- RECORDED INFORMATION

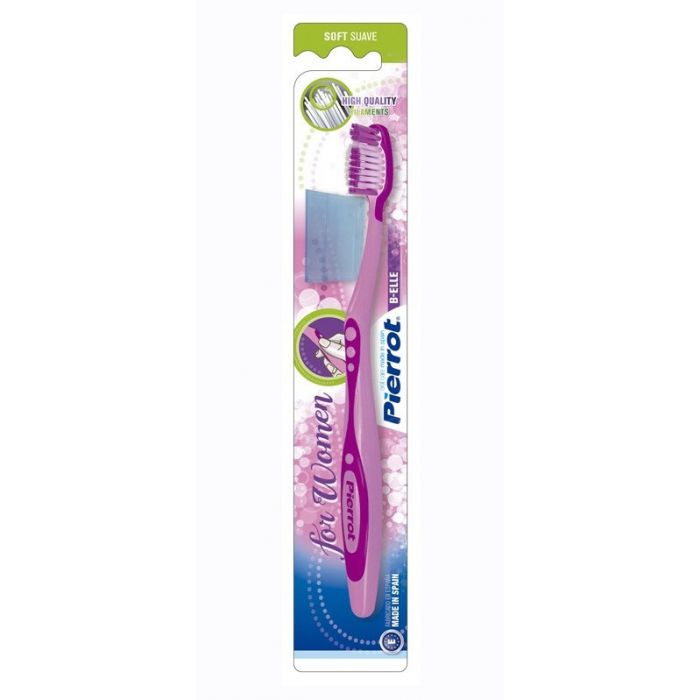 PIERROT 3412 B-ELLE WOMEN TOOTHBRUSH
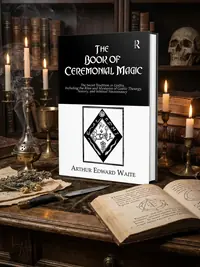 Book Ceremonial Magic — photo 1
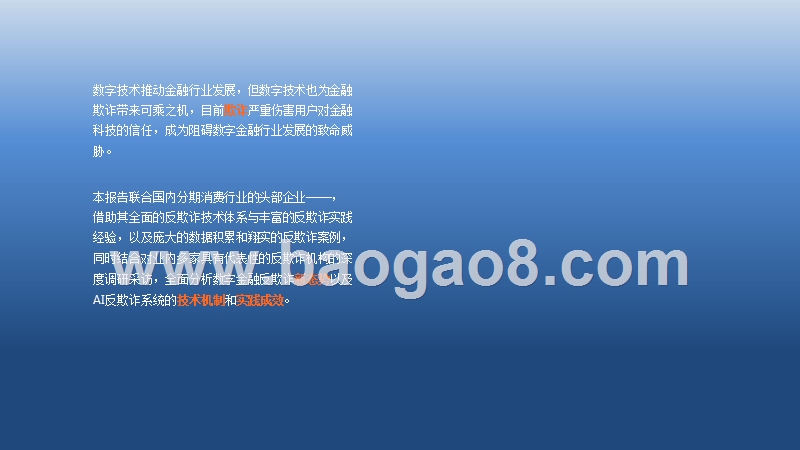 2019-2020中国数字金融反欺诈分析报告.pptx_第2页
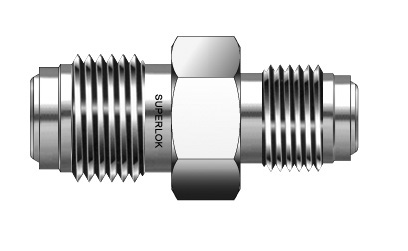 Double Male Reducing Union - UHP - Superlok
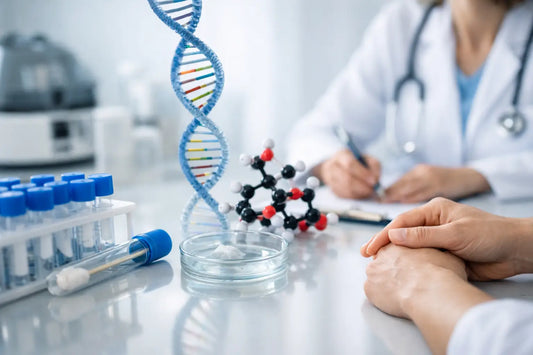 Test genetico cortisolo: cosa può dirti davvero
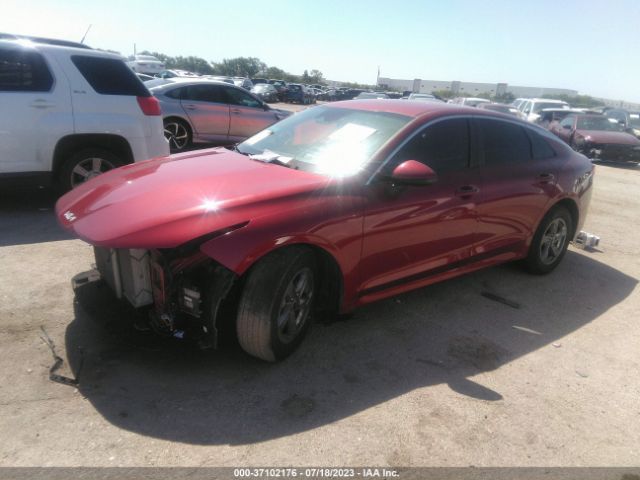 5XXG14J28NG085856 KIA K5 LXS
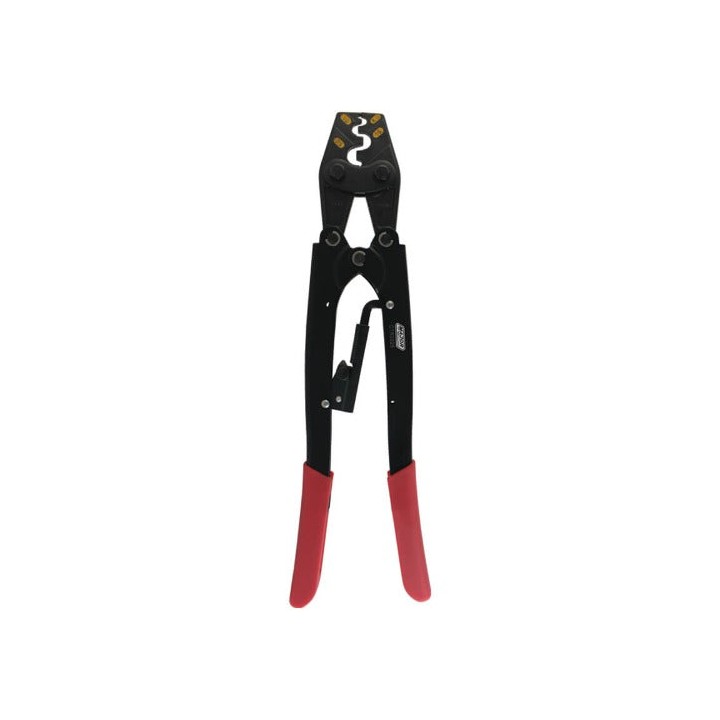Major Tech CTR0325 6-25mm Non-Insulated Crimper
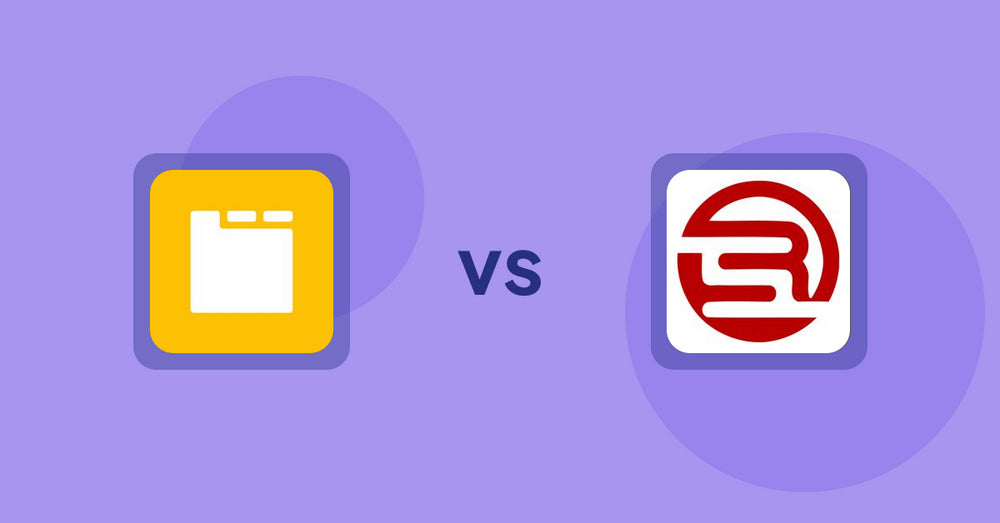 Shopify Product Display Apps: Ymq Product Tabs vs Robosize: AI Size Recommender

- EXERCISE DESCRIPTION
The output is the data above, repeated exactly, with pictures omitted.

- ANSWER TO THIS PROBLEM
 PIERROT 3412 B-ELLE WOMEN TOOTHBRUSH
 Book Ceremonial Magic — photo 1
 2019-2020中国数字金融反欺诈分析报告.pptx_第2页
 Double Male Reducing Union - UHP - Superlok
 Test genetico cortisolo: cosa può dirti davvero
 5XXG14J28NG085856 KIA K5 LXS
Major Tech CTR0325 6-25mm Non-Insulated Crimper
 Shopify Product Display Apps: Ymq Product Tabs vs Robosize: AI Size Recommender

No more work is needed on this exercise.